# Data for this exercise

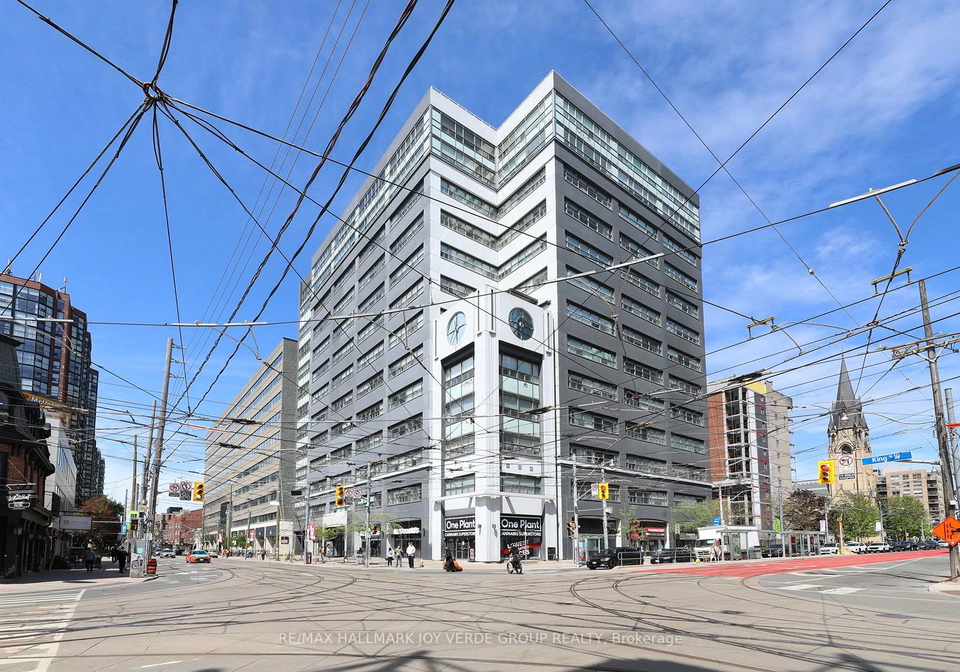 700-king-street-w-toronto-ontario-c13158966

--

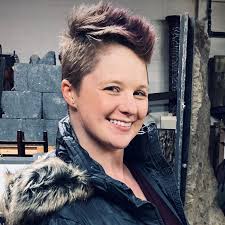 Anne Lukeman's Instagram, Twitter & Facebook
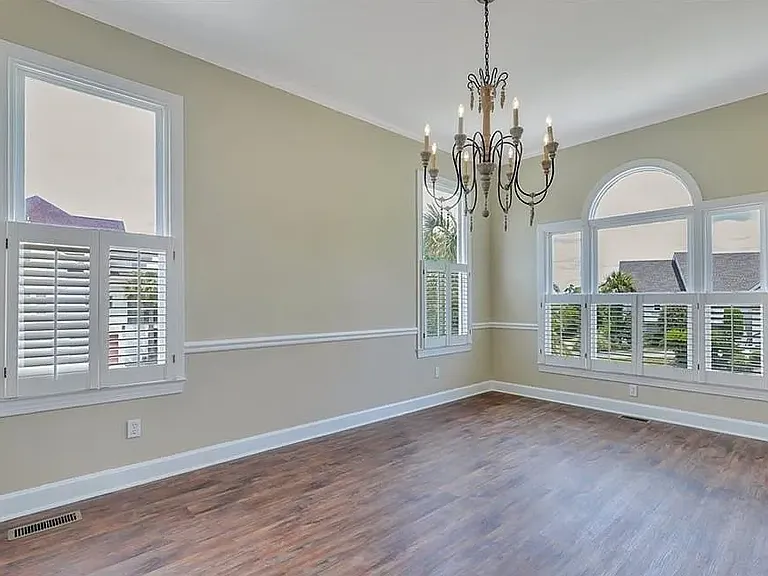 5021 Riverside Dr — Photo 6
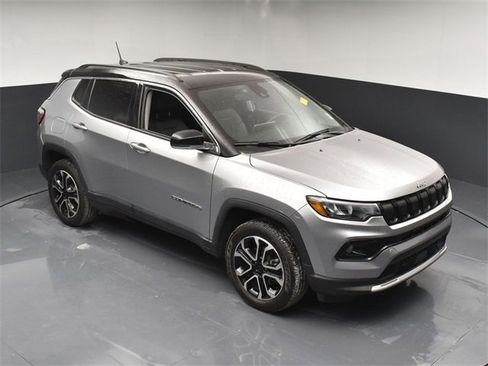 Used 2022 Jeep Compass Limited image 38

...

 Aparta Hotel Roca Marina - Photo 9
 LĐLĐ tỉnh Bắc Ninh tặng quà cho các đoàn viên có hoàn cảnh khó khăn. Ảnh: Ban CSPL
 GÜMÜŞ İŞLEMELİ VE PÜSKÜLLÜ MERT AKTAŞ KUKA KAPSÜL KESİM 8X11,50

# Exercise
Find "LĐLĐ tỉnh Bắc" in the entries above and copy that whole line exactly, then each line after it through the line that contains "GÜMÜŞ İŞLEMELİ VE".

# Worked solution
 LĐLĐ tỉnh Bắc Ninh tặng quà cho các đoàn viên có hoàn cảnh khó khăn. Ảnh: Ban CSPL
 GÜMÜŞ İŞLEMELİ VE PÜSKÜLLÜ MERT AKTAŞ KUKA KAPSÜL KESİM 8X11,50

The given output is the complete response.